The other direction led into a dark, disjointed hollow. Bats screeched and fluttered, jerking in the air to catch bugs. The power at the other end didn’t feel like it was pulling him. Rather, it was subtly repulsive. It lashed out. But not randomly, with intent. Bouncy bullets. Howie had practically begged him to walk that evolution path. He wasn’t about to let the kid dictate his entire career, but he had spent more time thinking about future evolutions than anyone else on the team, rather than just taking them as they came.
He looked at the Viking, watching him silently. He’d pushed off the signpost and now leaned on his spear.
“No do-overs, huh?” asked Cole.
“Real life don’t have an undo button, Colton. I sure as hell didn’t get one in Syria, or Kevlesh, or wherever the fuck I ended up smeared across the inside of an M-ATV. You get one chance.”
Cole had been leaning strongly towards the team-oriented talent. But other meteoric Kickers had come and gone, and few had found power, real power. That right-hand path? That pulsing, punishing lash? That felt like power. That was how he became the kind of Kicker who could vault over an Oshkosh and gun down a horde of heart-eating demons.
Before he could pass the point of no return toward the super-mark evolution, he did an about face and began to walk the path of the bouncing bullet. Unlike the other path, this one didn’t invite him. As soon as he was under the darkened canopy, insects began to needle him. Bats shrieked around his head, and the repulsive push from the star at the end of the trail quickened its tempo, as if to ward him away. But he persisted, pushing stray branches and insects out of his way, swatting away bats and bugs, and struggling under the pressure. The drone in his ears grew louder and more oppressive. He dropped to a knee as a force slammed into his gut but kept moving forward.
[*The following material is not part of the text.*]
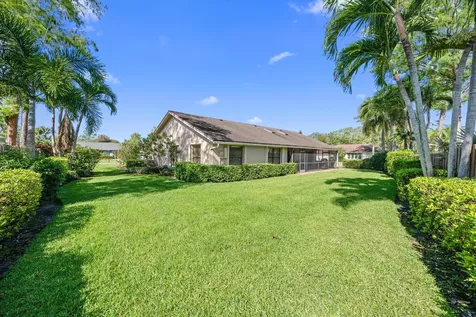 657 Juniper Place Wellington FL 33414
By the time he dragged himself into the clearing, he was on all fours. He crawled, gasping for every breath, toward a dark star. A disk of spinning, white light warped around the midnight orb in a hectic, unstable weave. Every few seconds, a glowing mote would rocket out at an angle, burning through anything it touched.
Is that a black hole? he thought to himself as he struggled upright. The weight on his chest intensified as he approached. Is this what I want burning in the back of my brain? This endless pit and its violent expulsions offered only death. And the closer he got, the more it began to pull him in. His feet slid across the dirt, carving furrows in the path. He continued towards it, watching light bend around and across its surface, and raised his hands. They burned as he broke the ring of white light, scattering phosphorescence through the clearing. Then his fingertips came apart, like he’d been driven through a fine mesh. He tried to scream, but the rest of him followed as the star pulled him in, changed him, remade him.
Suddenly, he was standing in the clearing again, with the slowly churning black hole reflecting his own face.
He could feel the evolution burning in the back of his mind, the new, chaotic, repulsive force ready to be unleashed with each of his four charges.